## Data records

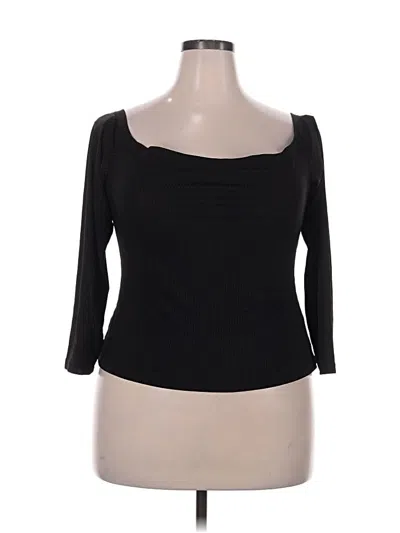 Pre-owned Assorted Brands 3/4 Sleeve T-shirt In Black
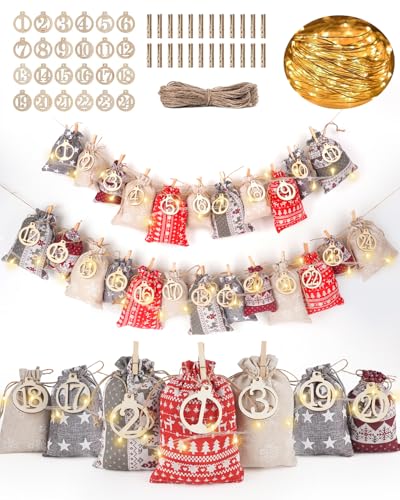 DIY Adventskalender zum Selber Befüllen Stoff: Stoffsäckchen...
---
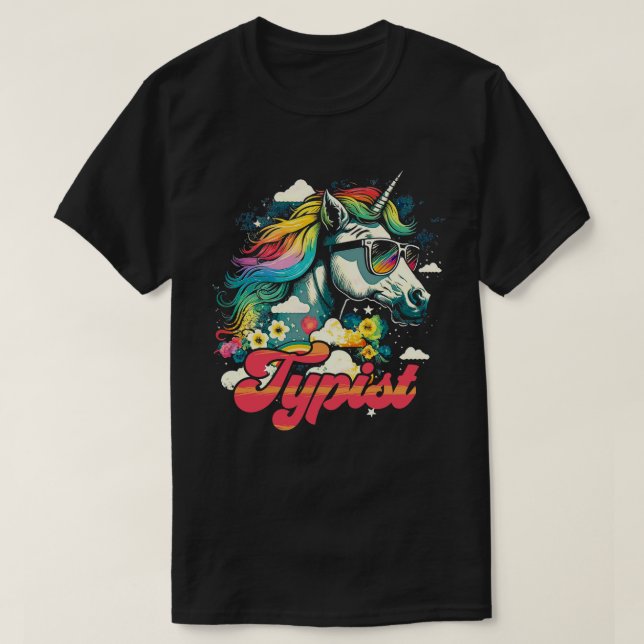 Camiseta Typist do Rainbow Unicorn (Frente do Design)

## Problem to solve
Among the entries above, take the lines from the one with "Pre-owned Assorted Brands" through the one with "DIY Adventskalender zum" and retype them exactly, leaving out the pictures.

## Output for this task
 Pre-owned Assorted Brands 3/4 Sleeve T-shirt In Black
 DIY Adventskalender zum Selber Befüllen Stoff: Stoffsäckchen...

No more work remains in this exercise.